For those who missed easy money when Bitcoin started there's Litecoin...already increased in value 4x as fast as Bitcoin.

http://www.wired.com/wiredenterprise/2013/08/litecoin/

And then there's Friecoin, The Lebowski, PPCoin, Primecoin, Ven...the parade of virtual money is getting crowded. I'll stick to USD, CAN & Pesos.


----------



## sags

Peter Schiff called bitcoins Tulipmania 2.0 today on CNBC.

http://www.cnbc.com/id/101192216

I heard many of the same kinds of arguments regarding "tax reduction schemes", when they were all the rage a couple of years ago.

People said taxation was unfair and it was their patriotic duty to avoid paying them. They said "this" wasn't proven or "that" wasn't proven.

People convinced themselves the schemes were legal and believed all the "we have a legal team standing by" malarkey coming from the originators of the schemes.

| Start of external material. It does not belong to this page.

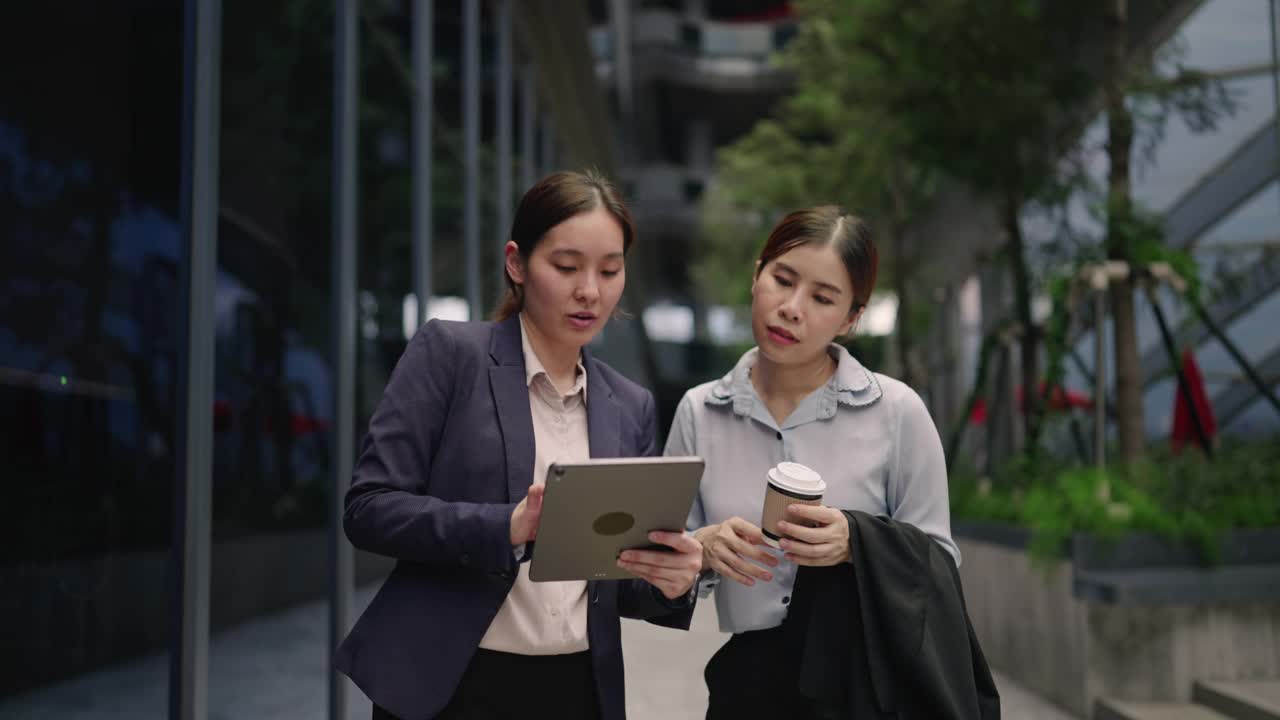 两位女商人边走边用数码平板电脑视频素材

Well..........the people got their tax refunds.........intially...........and then the CRA re-assessed their taxes and demanded the money, with interest and penalties. The schemes violated many regulatory rules and the promoters were convicted and fined the maximum amounts.

But, the investors lost all their money. They recovered nothing.

As Peter Schiff says..........people are buying bitcoins because they think they will be worth more some day.......and maybe they will for awhile. But someday the bubble will implode on itself.............the promoters and early adopters will pocket their money and move on to something else.........and the majority of people will lose everything they invested.

That is what always happens to pyramid and ponzie schemes.


----------



## sags

Another day........another bitcoin exchange disappears with everybody's money.

This one in China.........where bitcoin promoters have pointed to much "success" in spreading the word.

http://www.theregister.co.uk/2013/11/12/bitcoin_gbl_hong_kong_collapse/


----------



## HaroldCrump

The biggest pump for Bitcoins these days on the entire Internet is Max Keiser.
He calls himself a "Bitcoin Vigilante"
You should hear him bellow, and spew vitriol against the fiat currencies, and even against precious metals (gold, silver).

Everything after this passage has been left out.